If you told me when I was 22 years old that someday I would try to gather support for access to abortion, I would have been horrified. Nonetheless, that is my purpose today, as we contemplate the impact of Utah’s SB174. While currently on hold in court, this law will outlaw most abortion care in Utah if allowed to take effect.
I grew up in the South, the second of five children. I was Catholic and proudly against abortion. At the time, for me and my community, abortion was simply wrong. Then I went to medical school and fell in love with delivering babies. During my obstetrics training, I came to understand the inherent risk and complexity of pregnancy. My view of abortion was forever altered.
Over the past 16 years as an OB/GYN physician, I have delivered thousands of babies. I have also cared for patients facing heartbreaking fetal diagnoses. Some of these patients choose to continue their pregnancies and pursue maximal interventions for their babies. Most choose to end their pregnancies early, either by inducing labor and allowing their babies to pass away surrounded by their families, or through a surgical abortion.
There is never an easy answer in these cases, but I believe there is a right answer: whatever a patient decides is right for her and her family. I am honored to care for — and grieve with — all of them. All these patients love their babies fiercely, suffer mightily and are changed forever. Most of these patients would not be able to safely end their pregnancies under SB174.
We often forget that nearly all the terrible medical problems that can happen to people at any point in their life can also occur to people while they are pregnant. Normal, healthy pregnancies can become complicated in an instant by an unlimited number of obstetric complications.

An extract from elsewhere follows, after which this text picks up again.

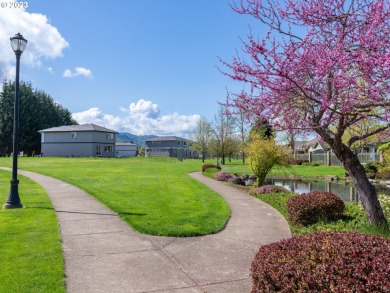 Introducing contemporary construction, conveniently located just on Emerald Valley Golf Course in Oregon - for sale on GolfHomes.com, golf home, golf lot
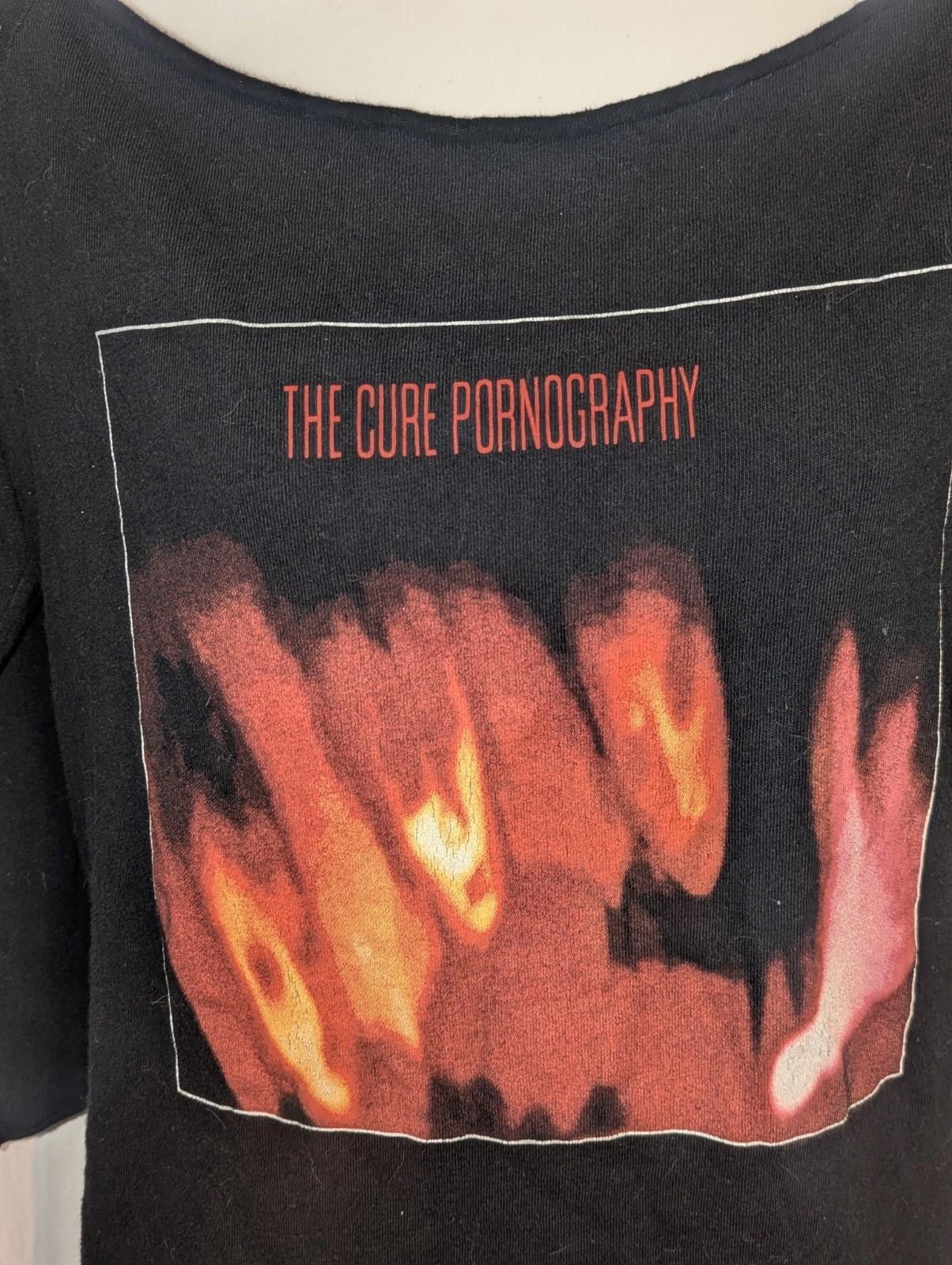 Designer Vintage 90s Cinder Block The Cure Pornography Woman's Tee Size L / US 10 / IT 46 - 2 Thumbnail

Part of my job as a physician is to educate patients about the relevant risks and range of possible outcomes. Once informed, the patient can make a decision that reflects their own values and acceptance of risk.
With this bill, lawmakers instead task physicians with determining which patients are sick enough to deserve an abortion. The language of the law is so vague that even physicians will not agree on what maternal risks warrant termination. It has turned our counseling upside down, and it has completely removed patients from their role in making decisions about their own health.
If it is allowed to be enforced, SB174 will outlaw medication and surgical abortion at all gestational ages in Utah with narrow exceptions, and subject the physician performing an abortion outside of those exceptions to second degree felony charges punishable by 15 years in prison.
Shall I ask our legislators at 3 a.m. how to best treat the patient with an inevitable miscarriage who is rapidly hemorrhaging when the fetus still has a heartbeat?
Shall I ask our legislators at 3 a.m. what to do for the patient with ruptured membranes at 19 weeks and a live fetus? Do I need to wait until she develops a life-threatening infection to intervene?
How close to death is close enough? Will a prosecutor see it the same way?
If I treat the patient according to the accepted standard of care, I may be committing a felony. If I follow the law, I may be committing malpractice. Can the patient’s best interests really be served by a doctor who must begin by making amateur legal decisions? The language of this law will result in confusion, hesitation, and delays in care that will make all pregnancies in Utah more dangerous. Trying to legislate these scenarios is a fool’s errand, and that is precisely why these decisions should play out between patients and their trusted physicians.
In my profession, I have borne witness to unspeakable tragedies and miraculous outcomes, all of which are intertwined with risk. Pregnancy, at baseline, is a serious and dynamic condition. Patients should have a right to choose whether to take on that risk. I should have a right to practice medicine according to established standards of care without legislative interference that hinders my ability to serve my patients during their time of greatest need.
I remain a hopeless optimist, which means I will persist in shedding light on this issue. My conscience drives me to push through my discomfort and fear to talk about the importance of abortion as healthcare.
I urge you to consider that the real-life situations I’ve described here will affect your loved ones. Abortion is so common that everyone loves someone who has had an abortion, even if the stigma attached to abortion means that you never hear about it. I have to believe that many of my fellow Utahns simply don’t recognize the unintended consequences of this law, which was drafted at a time when the chance of it becoming an enforceable law was entirely theoretical.
The Supreme Court has turned these decisions over to us. If this resonates with you, talk to your legislator. If you’re a legislator who wants to talk about this, give me a call. Let us take stock together and approach this with the care and nuance that patients deserve.
Sarah Heatherington Zarek, M.D., is a board-certified obstetrician-gynecologist practicing in Utah. The views and opinions expressed here are solely her own.